According to court documents in both Louisiana’s western and eastern district federal courts, MMA negotiated and collected the money from some insurance settlements for clients who say they never hired MMA and still don’t know where their money is.
Huye testified last month that he did file lawsuits for some clients who didn’t respond to text messages seeking their approval to sue. He told federal Magistrate Judge Kathleen Kay on April 26 that he did that because he was worried those clients would lose their right to sue if he didn’t take action.
The New Orleans paralegal who spoke to WWL-TV said MMA used overseas staff and a call center to handle client calls and there were no office telephones, just individual staffers’ cell phones.
“They were telling me about these robo-text messages that they would send in order to retrieve documents from the clients,” the paralegal said. “And, you know, in my brain, I'm thinking, ‘Why don't you just pick up the phone and call the client?’ That's what I'm used to.”
She said she was fired after she asked for assurances that she wasn’t doing anything illegal. Another employee, who was fired from MMA’s Houston office, said they were told the firm’s bank accounts had been frozen and it didn’t have enough money to pay employees.
But the former MMA employees say the firm is still operating in Louisiana with a pared-down staff and no attorneys.

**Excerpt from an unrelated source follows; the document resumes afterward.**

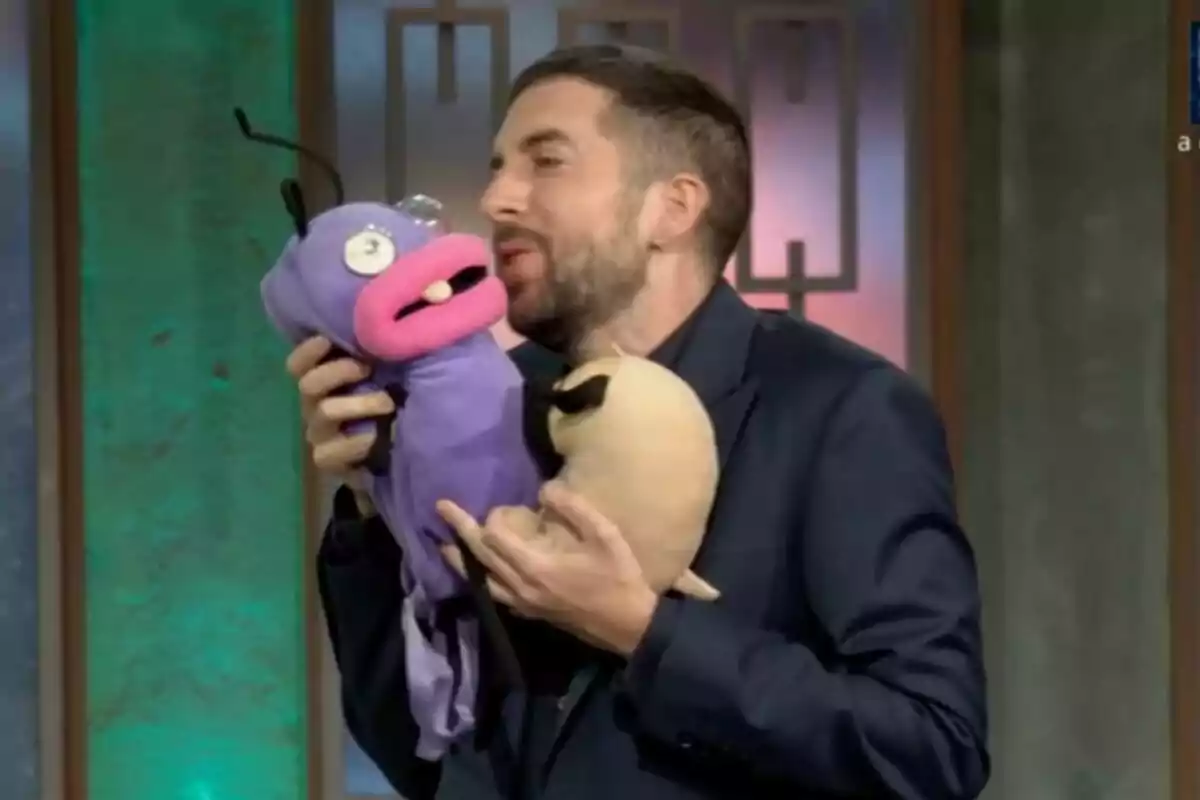 David Broncano con barba y traje en La Revuelta sostiene y besa a una marioneta morada de una hormiga de El Hormiguero con grandes labios rosados y ojos saltones. David Broncano con barba y traje en La Revuelta sostiene y besa a una marioneta morada de una hormiga de El Hormiguero con grandes labios rosados y ojos saltones.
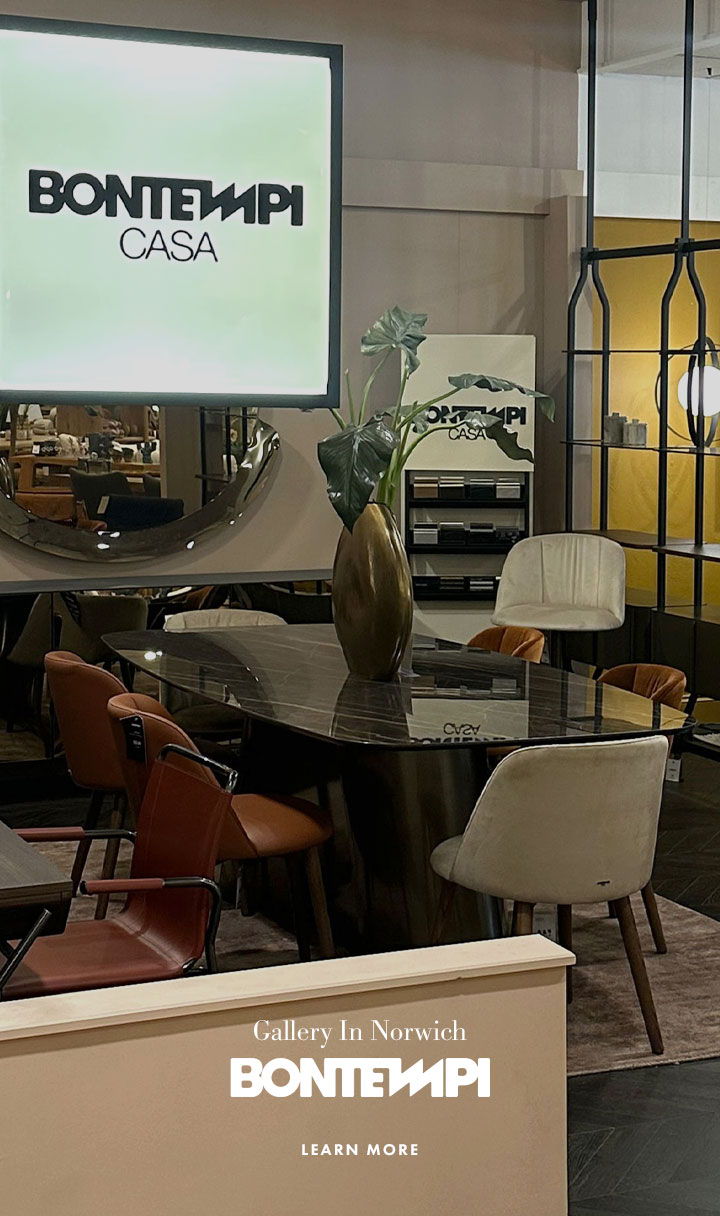Photo of the Bontempi Casa furniture gallery in Norwich. Marble top tables and luxury dining chairs on display.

In the audio of the March 6 meeting, Moseley said the firm would be able to keep making money on the cases by partnering with another firm and continuing to work “in the background.”
But the deal Moseley said he was negotiating with San Antonio personal-injury attorney Mikal Watts – whom Moseley touted as a “billionaire” whose resources would help MMA survive and even thrive – fell through.
Watts told WWL-TV he worked through March hoping to find a way to help MMA’s clients but an agreement with Moseley “wasn’t attainable.”
In April, Moseley testified in federal court in Lake Charles that he tried to strike a similar deal to share fees with a big Louisiana law firm, LaBorde Earles.
Court records show MMA clients received letters on LaBorde Earle's letterhead and purportedly signed by the Lafayette-based firm's founding partner Digger Earles, saying, “We have agreed to substitute as your counsel and are pleased to take over your case” with the client’s approval.
Except, one problem: Earles stood up in court after Moseley’s testimony and testified that his firm never had an agreement with MMA and never sent the letters, either.
The former MMA paralegal told WWL-TV it was MMA that sent the letters, not LaBorde Earles.
“We did distribute those with the understanding that (Earles) did have an agreement with Zach Moseley,” she said.
Earles said his firm signed up 400 former MMA clients but declined to comment further on Moseley’s claim that LaBorde Earles had an agreement with MMA. The court later ordered MMA to stop communicating with any of its former clients.
In the March 6 meeting with his staff, Moseley said he was looking for a new name for his firm, one without any partner’s name in it, and would offer a prize to the person who came up with the best name. Later, he asked his staff not to call him with questions or concerns, explaining he’s a Millennial and prefers text and email to speaking on the phone. One of the staff members quickly interjected with a suggested new name that made her colleagues burst out laughing:
“Don’t Call Us Law Firm.”
This is part five in a David Hammer Investigation into allegations of fraud against MMA. In part one, David took a closer look at the court cases filed against MMA and the massive 'roofing scheme' that left the payouts in limbo. In part two, an investigation into what led to the firm's suspension from practicing law in Louisiana. Part three, focuses on the impact of MMA's alleged fraud on their clients. On Wednesday, in part four, David unpacked the recordings of Moseley.